= Bay of Pigs (game) =

Board wargame published in 1976

Original cover, 1976

Bay of Pigs is a board wargame designed and published by Jim Bumpas in 1976 that simulates the CIA-backed invasion of Cuba in 1961 that planned to overthrow the regime of Fidel Castro.

==Background==
In 1958, forces under Fidel Castro successfully overthrew the Cuban dictator Carlos Prio. Castro subsequently installed a Communist government, nationalized American businesses, cut off ties to the United States and reached out to the Soviet Union. Anti-Castro Cubans who had fled, with American financial aid, led an attempted invasion of Cuba at the Bay of Pigs.

==Contents==
Bay of Pigs is a two-player game in which one player controls the invading anti-Castro forces, and the other player controls the F.A.R. (pro-Castro defenders). The rules cover sea transport, amphibious and airborne landings, supply issues, and air combat, as well as air and naval bombardment. The paper hex grid map is scaled at 1 km per hex, and each game turn six hours of game time.

==Publication history==
Game designer Jim Bumpas had successfully designed two wargames in 1975, Schutztruppe and Jerusalem! The following year, the 15th anniversary of the Bay of Pigs invasion, Bumpas self-published a wargame that simulated the attempted invasion. Bumpas made no secret of where his sympathies lay, dedicating the game to the 15th anniversary of "the successful Cuban defence", and noting that the invading force "has no chance to defeat the forces of the F.A.R."

==Reception==
In the 1977 book The Comprehensive Guide to Board Wargaming, Nicholas Palmer described the game as "Fairly easy to play and fast-moving."
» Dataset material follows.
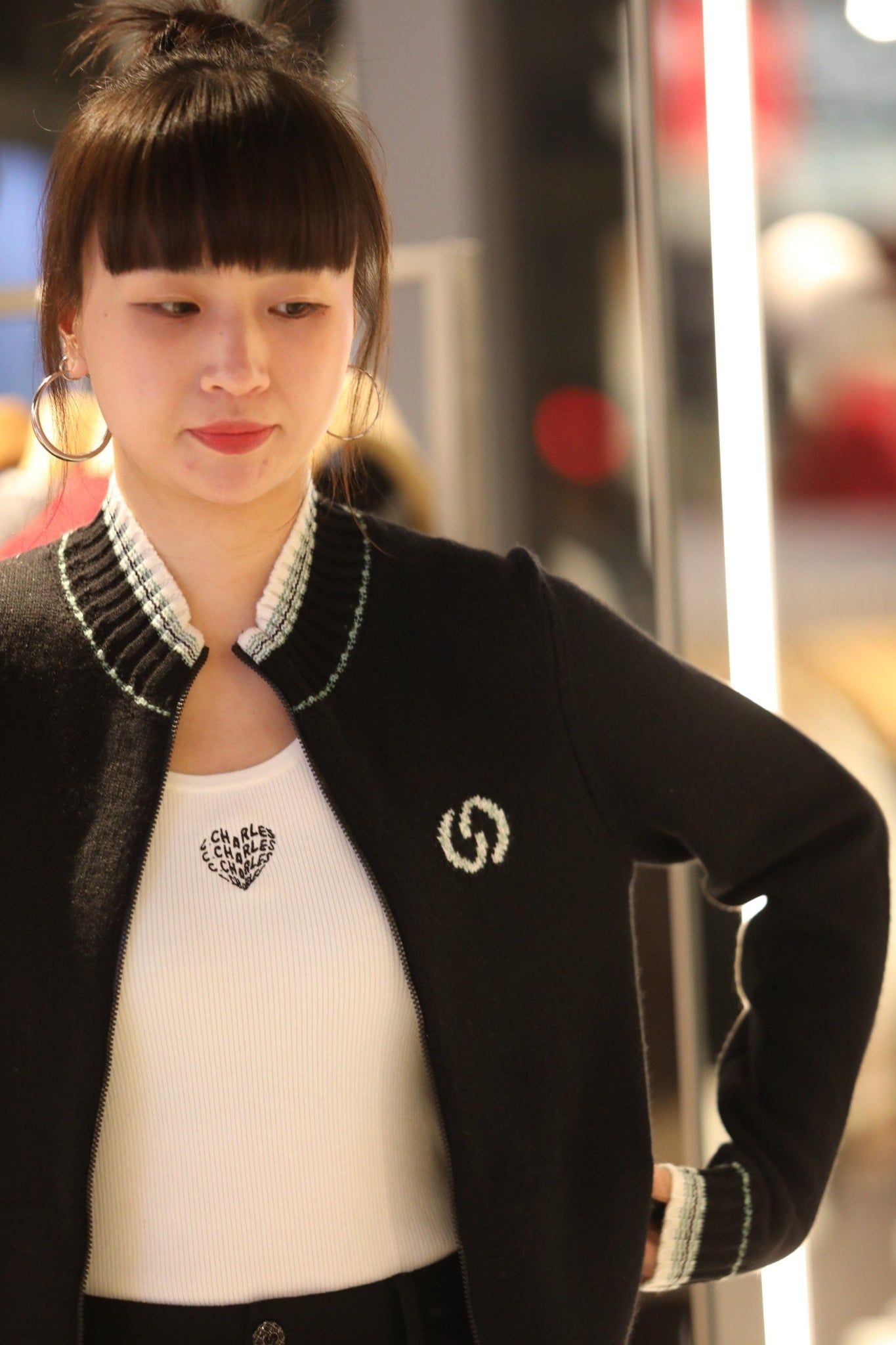  1.Áo khoác len đen kéo khóa, cổ kẻ xanh trắng 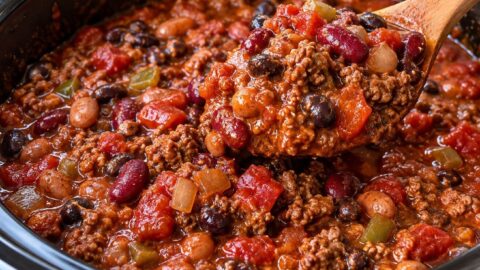 Easy Dump-and-Go Ground Beef and Bean Chili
In Issue 28 of Moves, Richard Berg thought there were plenty of new ideas in Bay of Pigs, but was "not too sure whether some of these ideas should appear in a game." Berg found the self-published game "fairly well done and relatively attractive." He also found the rules to be "fairly standard." He concluded by that "the game plays smoothly and quite quickly", but pointed out that the game was very unbalanced, with almost no chance for the invaders to win.

In The Guide to Simulations/Games for Education and Training, Martin Campion warned teachers thinking of using this game in the classroom that "The rules are rather sketchy, so if you are interested, be prepared to make extemporaneous additions as needed."